Adjacent to them were twenty-year-old brick houses of indistinct architectural style, exceedingly tall or squat, that could never be part of any archetypal pattern, neither one matching the next, backs turned insolently to the aesthetic character of the neighborhood, their walls painted with blue-hued lime-wash.
Among the disarray of this poverty and filth, among the crippled and tired men and women who clogged the street, clothes in tatters, unkempt or having darted out without the luxury of a moment to comb their hair, in an unexpected place, its gilded stones cracked, sparkled a fountain of time past like a vamp who overcame her disheveled dress with her gaze, her figure, or through the intensity of her persona, a seductress who gave others no option but to focus on her face; farther ahead, a tomb with a collapsed dome maintained its integrity through an orderly and dignified façade; later still, a
medrese
appeared, a melee of children’s voices emanating from within, its white marble columns toppled over, a fig or cypress tree sprouting from its roof; and naturally, an as-yet standing mosque with a broad courtyard welcomed passersby to go beyond the bounties of this world.
By the time they’d arrived in Koca Mustafa Pasha, they were exhausted. First they sat at the coffeehouse before the mosque, drinking tea. Next they paid a visit to the nearby sixteenth-century saint’s mausoleum. Nuran quite adored the protective railing that had been placed around the dead chinar, the story of the tree, whose circumference was etched in Yesarî script, as well as the history of the site.

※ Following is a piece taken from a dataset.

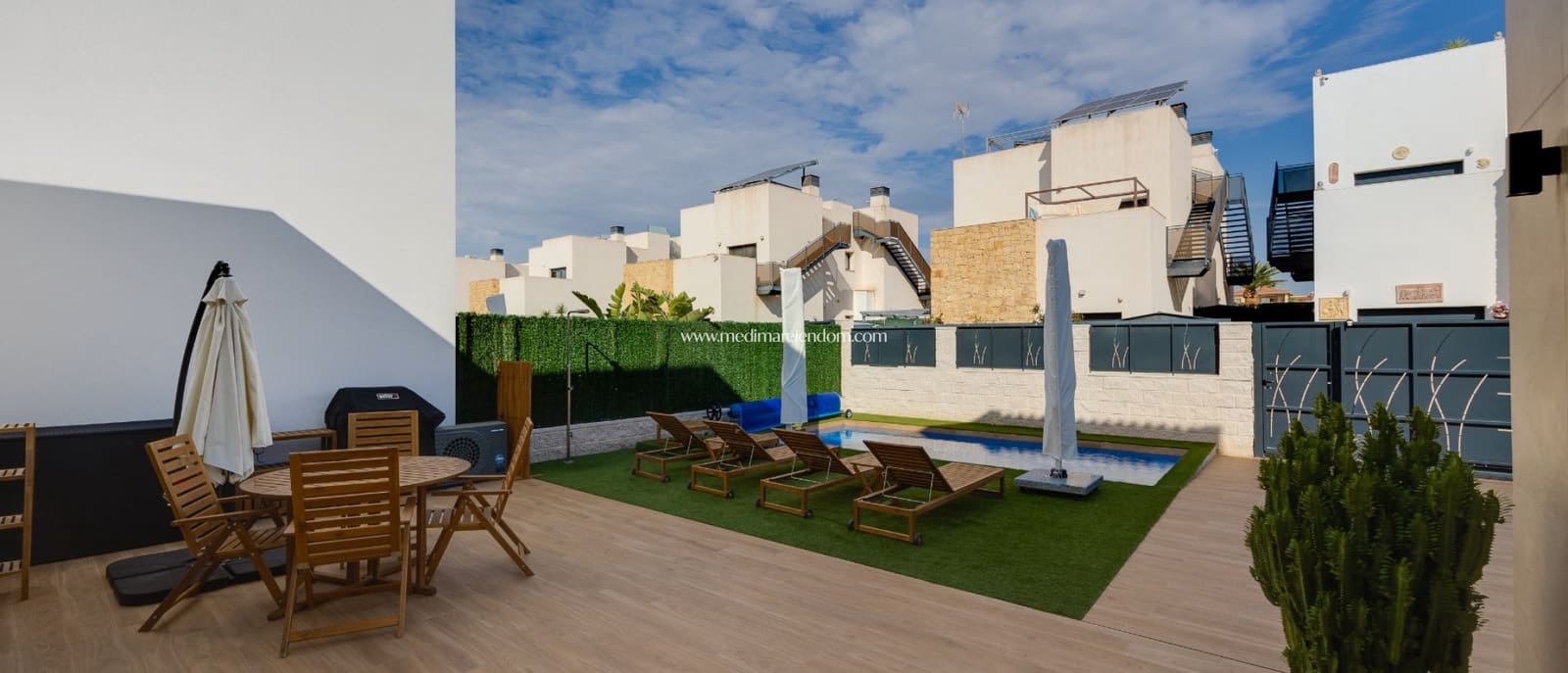 4 bedroom Villa for sale in Ciudad Quesada with pool garage - € 599,000 (Ref: 9329887)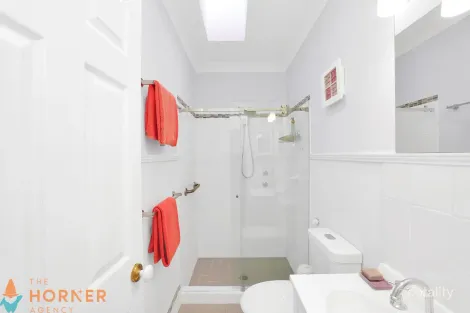 Property photo of 10 Ninian Close Watanobbi NSW 2259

To Nuran, Sümbül Sinan still sat under the shade of this chinar. The care shown in the maintenance of the desiccated tree gave this garden of death the profundity of a masterpiece.
Along with this, the mausoleum, devoid of architectural style, housed a body that had influenced life from where it lay for four centuries. Supplicants placed hands onto walls and railings and offered their prayers. The saint cured the sick, opened doors of hope for the disconsolate, pointed out sources of light transcending death to unfortunates whose world had collapsed, and taught patience, renunciation, and perseverance.
“What kind of man was he?”
“All of these saints believed in spiritual causes, went through a degree of spiritual training, and learned to supress worldly desires. Therefore, they were exalted after their deaths. Sümbül Sinan is a little different from the rest. To begin with, he was a noteworthy scholar. Not to mention that he had a sense of humor and a sharp tongue.”
Mümtaz paused for a moment and added with a chuckle, “Each of them has a few distinguishing characteristics. D’you have any idea how the man resting here got the nickname ‘Sümbül’? He used to place blossoming geraniums in his turban. He was so in tune with our own sensibilities that he adored the Istanbul seasons.”